McCone describes the new system as a case of what Martinet termed 'isochrony', "the condition that arises from the elimination of the phonemic feature of vowel length...the end result is always a situation in which the length of every vowel in a sequence basically depends upon phonematic or prosodic environment and one may surmise that isochrony is regularly arrived at through the lengthening of certain originally short vowels that had become too short for their environment and through the shortening of other originally long vowels that had become too long for the checked or unaccented syllables in which they occur."

McCone argues that, following phonetic changes in early Brittonic long vowels, "the resultant system of long vowels with the hitherto essentially unchanged set of five short vowel phonemes reveals some reduction in the role of length as a distinctive feature." This was followed by significant shifts in the realization of short vowel phonemes, causing vowel length to first become less relevant, then eventually "phonemically redundant", and finally "synchronically predictable throughout"

==Rules==
In Late Common Brittonic, before the stress accent shifted from the final syllable to the penultimate syllable, the New Quantity System operated as follows, with few exceptions:

- vowels are long in stressed final syllables if they are in word-final position or before a single lenis consonant.
- vowels are short before fortis or geminate consonants, and consonant clusters.

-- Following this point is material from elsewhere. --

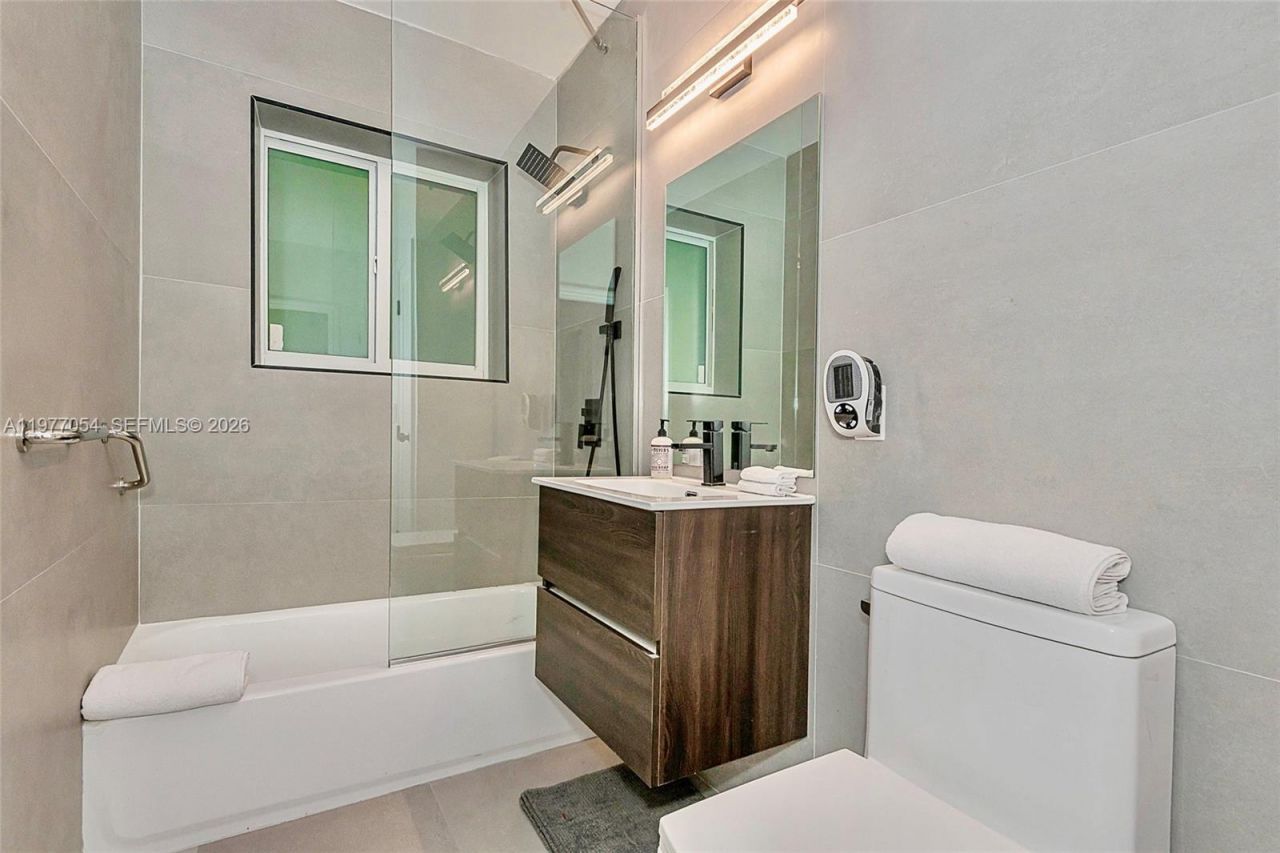 10450 NE 5th Ave , Miami Shores, FL 33138 Photo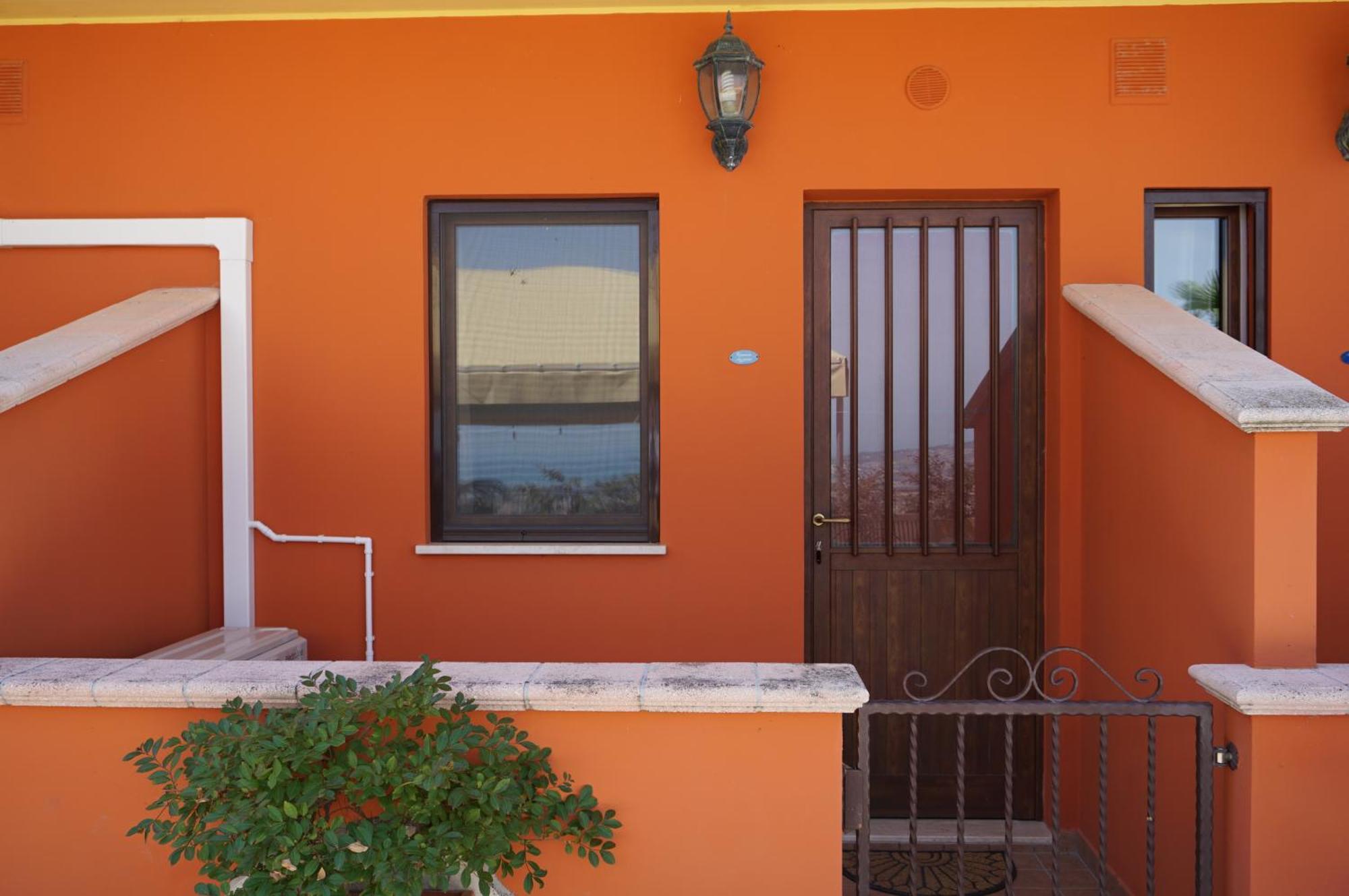 La Terrazza Motta Bed & Breakfast Atri Exterior foto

This means that there is not necessarily any agreement between vowel length in early and late Common Brittonic:
- In stressed syllables, early Brittonic short vowels become long when final or before lenis consonants:
  - e.g. early Brittonic *sĕnŏs 'old' > late Brittonic *hen /[heːn]/

- In any syllable, early Brittonic long vowels become short before fortis, geminate, or groups of consonants:
  - e.g. early Brittonic *wīskā 'clothing' > late Brittonic *wisk /[wisk]/.

- Originally long vowels may remain long if they comply with the above rules:
  - e.g. early Brittonic *sīrŏs 'long' > late Brittonic *hir /[hiːr]/

- Similarly, short vowels may remain short:
  - e.g. early Brittonic *pĕnnŏn 'head' > late Brittonic *penn /[penː]/

Jackson argues that the vowel in unstressed (penultimate) syllables must have been short, even before single lenis consonants, but Peter Schrijver argues that it seems possible that quantitative differences could occur in this position.

==Later changes==
Following the accent shift in polysyllables from the final to the penultimate syllable around the eleventh century, which apparently occurred independently and simultaneously in Old Welsh, Old Cornish, and Old Breton, the now unstressed vowel in final syllables of polysyllabic words became or remained short, and geminate consonants in final syllables were simplified. The now stressed vowel in penultima in polysyllables became either long (as in Modern Breton) or half-long (as in Modern Welsh), unless followed by a fortis or geminate consonant, or a consonant cluster. Stressed vowels in monosyllables remained long.